━━━━━ Information supplied ━━━━━

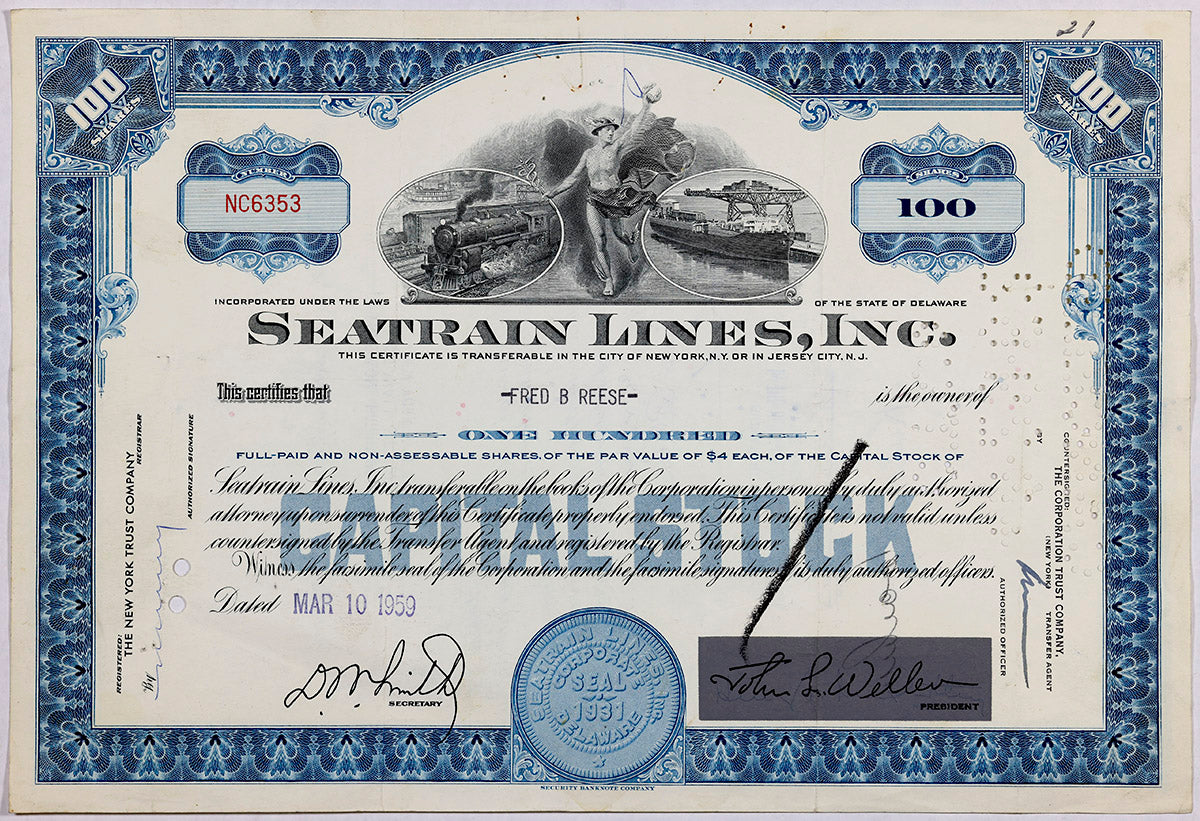 A 1959 Seatrain Lines stock certificate in the amount of 100 shares for sale by Brandywine General Store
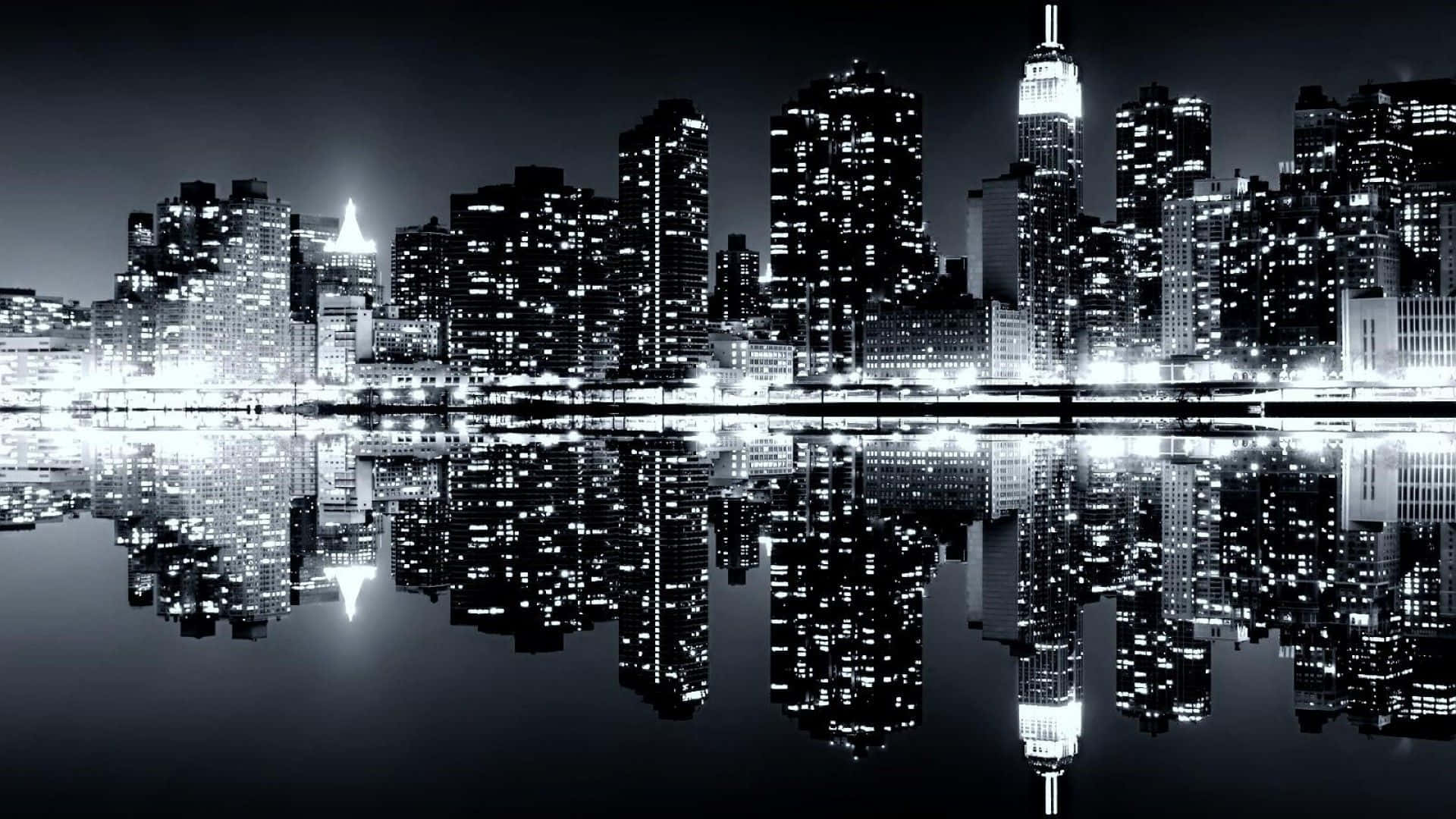 Black And White City, city skyline, night, Full HD Desktop Wallpaper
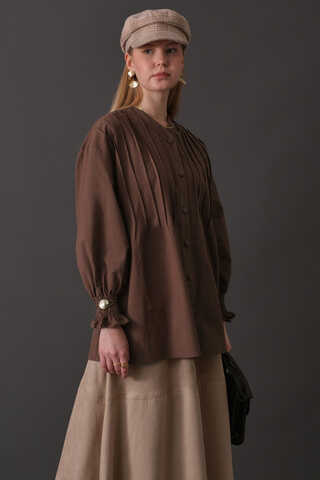 Pin-Tuck Cotton Shirt Brown - 4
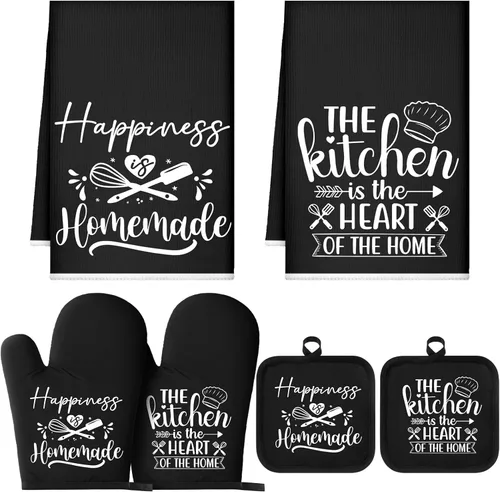 Sratte Juego de 6 Piezas de Accesorios de Decoración de Cocina Estilo Granja Toallas Agarraderas Manoplas de Horno Juego de 2 Paños de Cocina 2 Negro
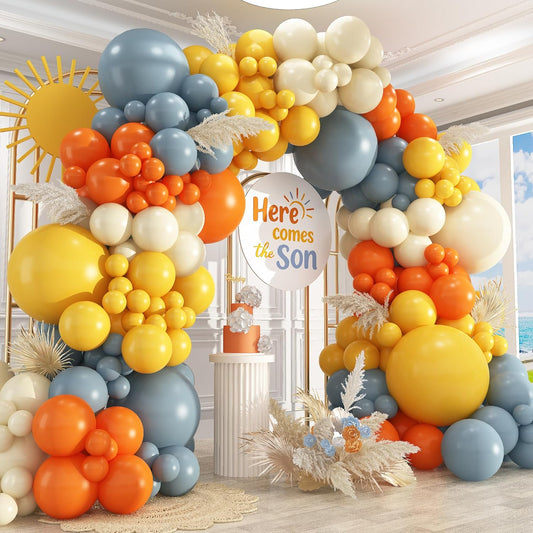 Here Comes the Sun Balloon Garland Arch Kit,412pcs Different Sizes 18 12 10 5 Inch Here Comes the Son Balloon Arch Garland Kit for Boho Retro Here Comes the Son Baby Shower Decor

━━━━━

Your objective: Retyped exactly, the lines from the one holding "Pin-Tuck Cotton Shirt Brown - 4" through the last line of the data above are the whole answer. Pictures stay out.

Answer section:
 Pin-Tuck Cotton Shirt Brown - 4
 Sratte Juego de 6 Piezas de Accesorios de Decoración de Cocina Estilo Granja Toallas Agarraderas Manoplas de Horno Juego de 2 Paños de Cocina 2 Negro
 Here Comes the Sun Balloon Garland Arch Kit,412pcs Different Sizes 18 12 10 5 Inch Here Comes the Son Balloon Arch Garland Kit for Boho Retro Here Comes the Son Baby Shower Decor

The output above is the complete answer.